● Exercise description: In the listing that follows, locate the line containing "Programa nacional de" and the line containing "Puma Transport Unisex". Retype exactly those two lines and every line between them, and nothing more.

● Data records:

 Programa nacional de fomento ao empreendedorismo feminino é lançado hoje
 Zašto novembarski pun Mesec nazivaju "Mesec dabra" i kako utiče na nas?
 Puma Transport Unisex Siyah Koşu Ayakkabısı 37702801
--
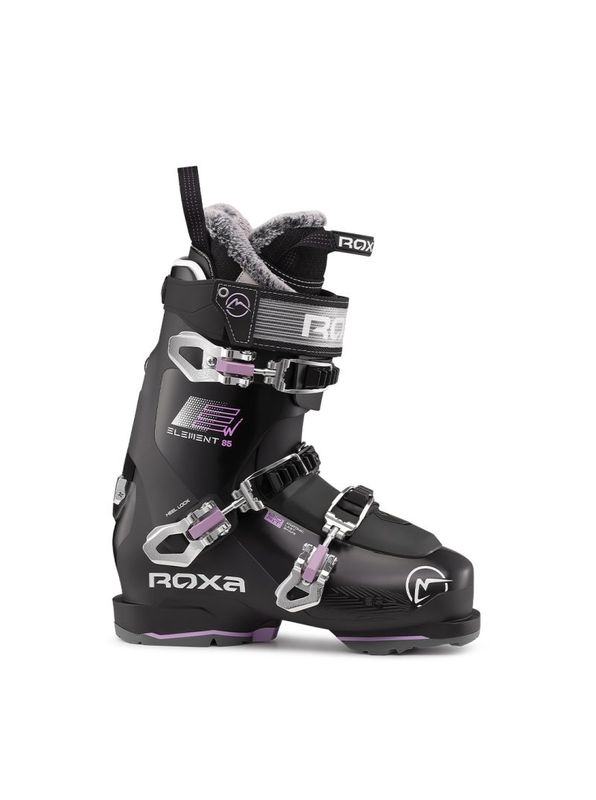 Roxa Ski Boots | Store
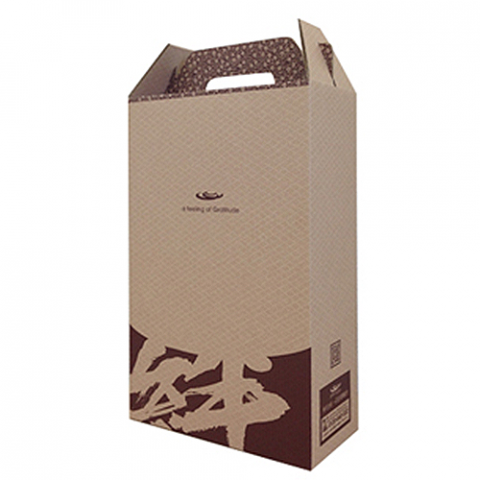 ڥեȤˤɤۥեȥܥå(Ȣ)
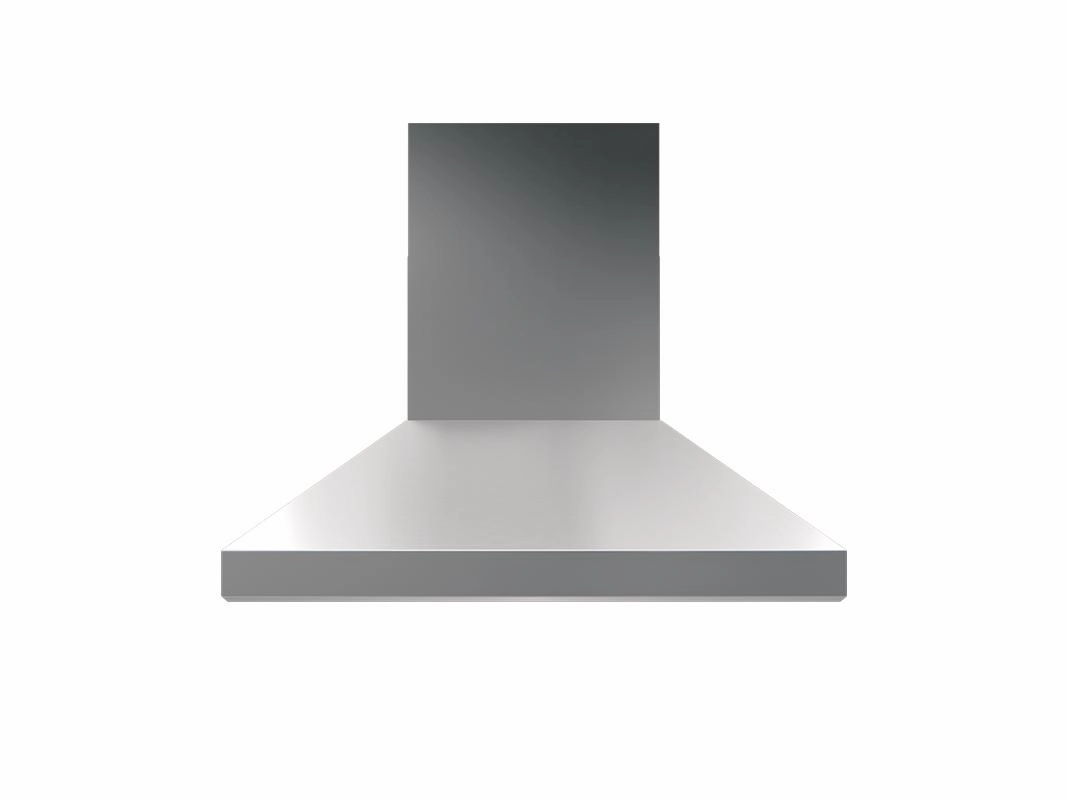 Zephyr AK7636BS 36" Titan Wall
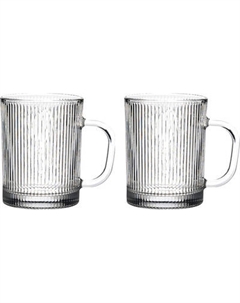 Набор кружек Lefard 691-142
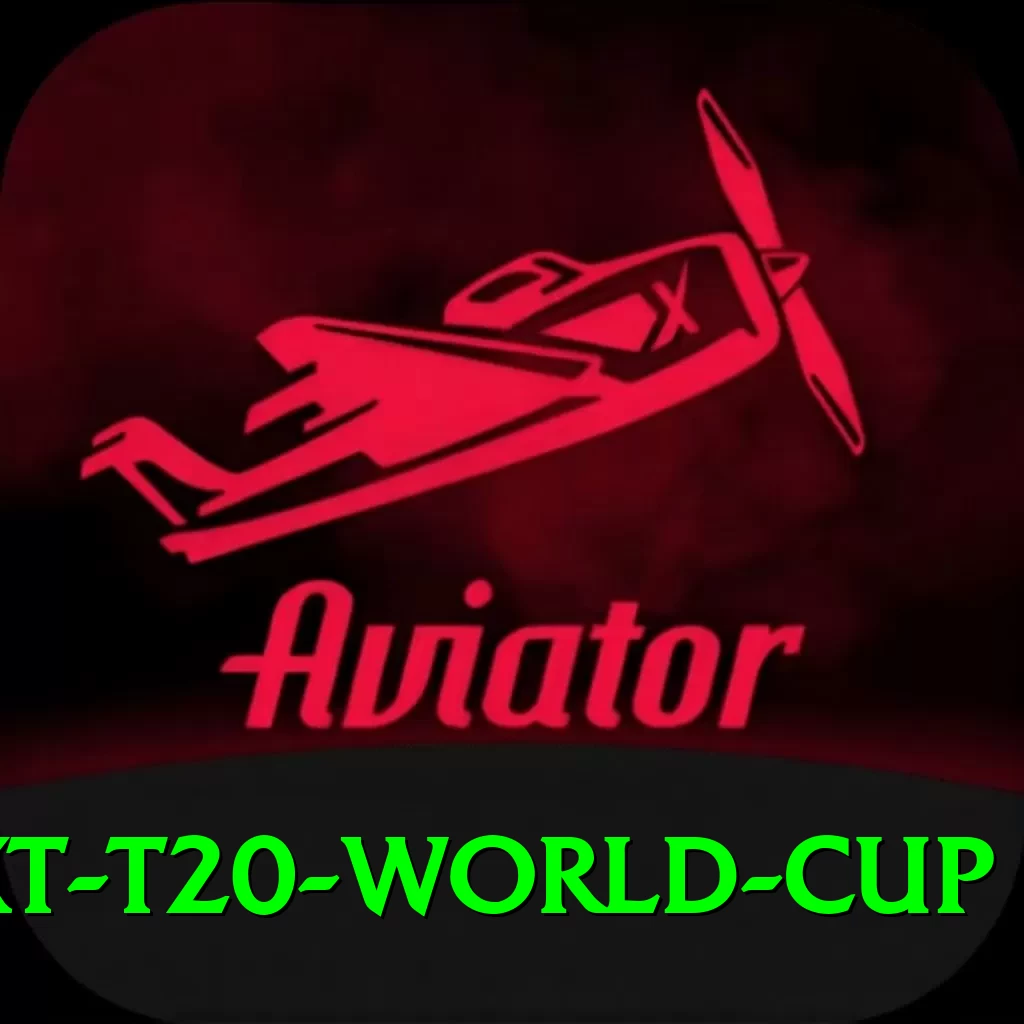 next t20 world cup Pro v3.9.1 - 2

● Response area:
 Programa nacional de fomento ao empreendedorismo feminino é lançado hoje
 Zašto novembarski pun Mesec nazivaju "Mesec dabra" i kako utiče na nas?
 Puma Transport Unisex Siyah Koşu Ayakkabısı 37702801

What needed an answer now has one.